START Stored data

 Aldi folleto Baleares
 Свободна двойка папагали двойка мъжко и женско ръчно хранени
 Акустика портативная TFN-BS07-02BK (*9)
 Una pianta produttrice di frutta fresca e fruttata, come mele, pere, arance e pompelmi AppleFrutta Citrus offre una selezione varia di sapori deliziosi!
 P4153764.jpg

END Stored data
START Stored data

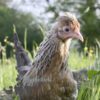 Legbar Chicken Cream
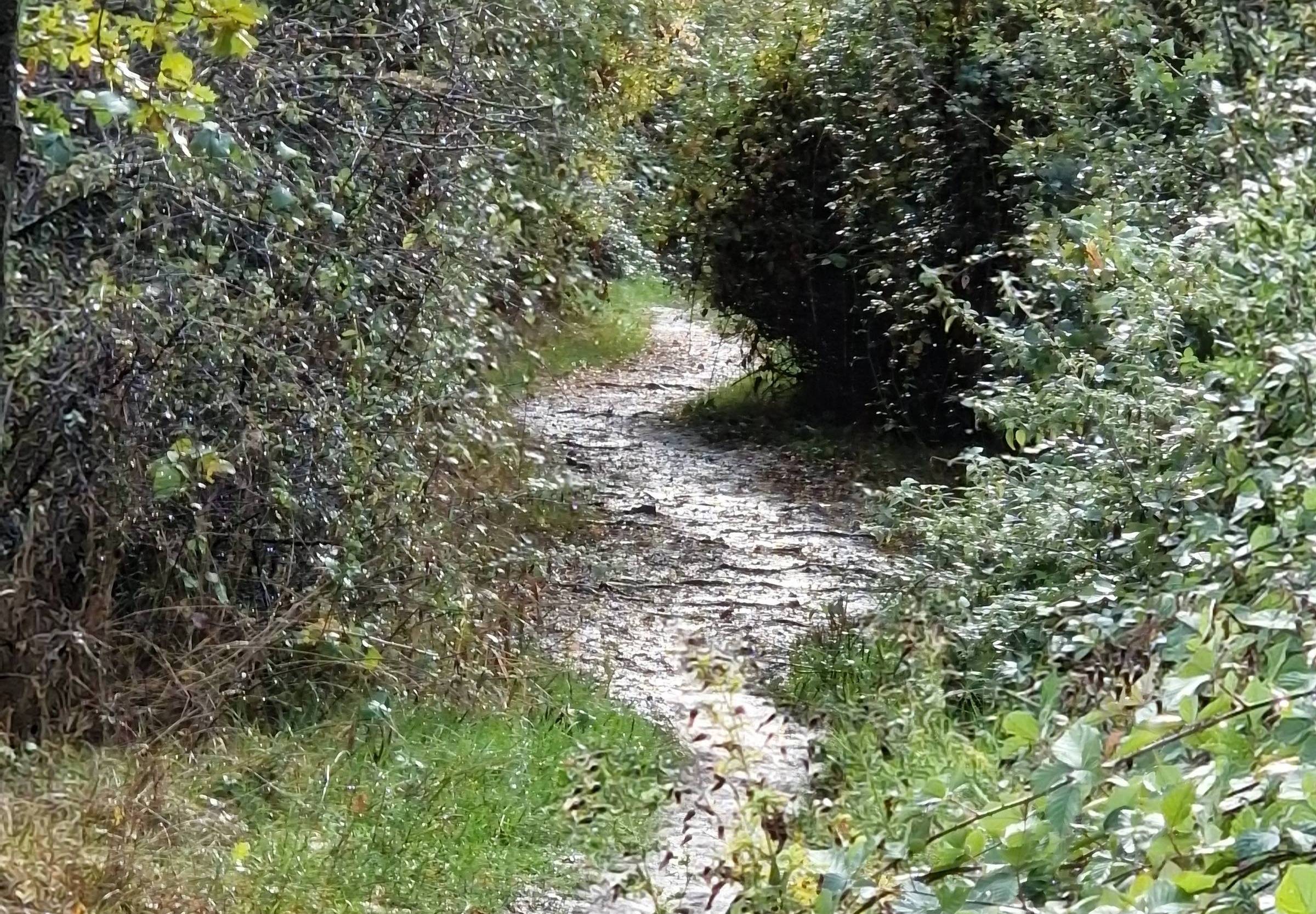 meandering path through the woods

END Stored data
START Stored data

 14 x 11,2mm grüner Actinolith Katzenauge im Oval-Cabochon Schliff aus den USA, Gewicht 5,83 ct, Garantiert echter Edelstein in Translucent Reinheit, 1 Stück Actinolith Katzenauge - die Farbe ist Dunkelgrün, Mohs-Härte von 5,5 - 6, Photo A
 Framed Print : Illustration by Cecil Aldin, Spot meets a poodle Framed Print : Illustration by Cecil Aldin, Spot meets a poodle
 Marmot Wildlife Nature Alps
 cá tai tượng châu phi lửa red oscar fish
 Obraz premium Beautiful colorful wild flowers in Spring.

END Stored data

■ Work to complete
The lines above from the one containing "cá tai tượng châu phi lửa red oscar fish" through the one containing "Obraz premium Beautiful" are to be set down exactly, and no others.

■ Solution below
 cá tai tượng châu phi lửa red oscar fish
 Obraz premium Beautiful colorful wild flowers in Spring.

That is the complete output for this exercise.